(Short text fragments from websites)
□ □ □ □ □
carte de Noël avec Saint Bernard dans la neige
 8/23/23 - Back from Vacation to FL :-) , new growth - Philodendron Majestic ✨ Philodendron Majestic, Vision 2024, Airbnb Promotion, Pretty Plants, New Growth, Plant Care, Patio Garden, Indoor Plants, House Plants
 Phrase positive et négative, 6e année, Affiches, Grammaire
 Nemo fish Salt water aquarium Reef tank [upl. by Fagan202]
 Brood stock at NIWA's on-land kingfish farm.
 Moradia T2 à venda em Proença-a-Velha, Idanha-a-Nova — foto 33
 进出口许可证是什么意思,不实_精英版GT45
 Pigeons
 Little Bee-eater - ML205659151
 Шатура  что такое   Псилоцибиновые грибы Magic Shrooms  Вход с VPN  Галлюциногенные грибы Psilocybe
□ □ □ □ □
### Task goal:
Exactly as they stand, please print the lines from the first line of the records above down to the line that includes "Brood stock at NIWA's on-land kingfish farm.", both of those included and no others.

### Task output:
carte de Noël avec Saint Bernard dans la neige
 8/23/23 - Back from Vacation to FL :-) , new growth - Philodendron Majestic ✨ Philodendron Majestic, Vision 2024, Airbnb Promotion, Pretty Plants, New Growth, Plant Care, Patio Garden, Indoor Plants, House Plants
 Phrase positive et négative, 6e année, Affiches, Grammaire
 Nemo fish Salt water aquarium Reef tank [upl. by Fagan202]
 Brood stock at NIWA's on-land kingfish farm.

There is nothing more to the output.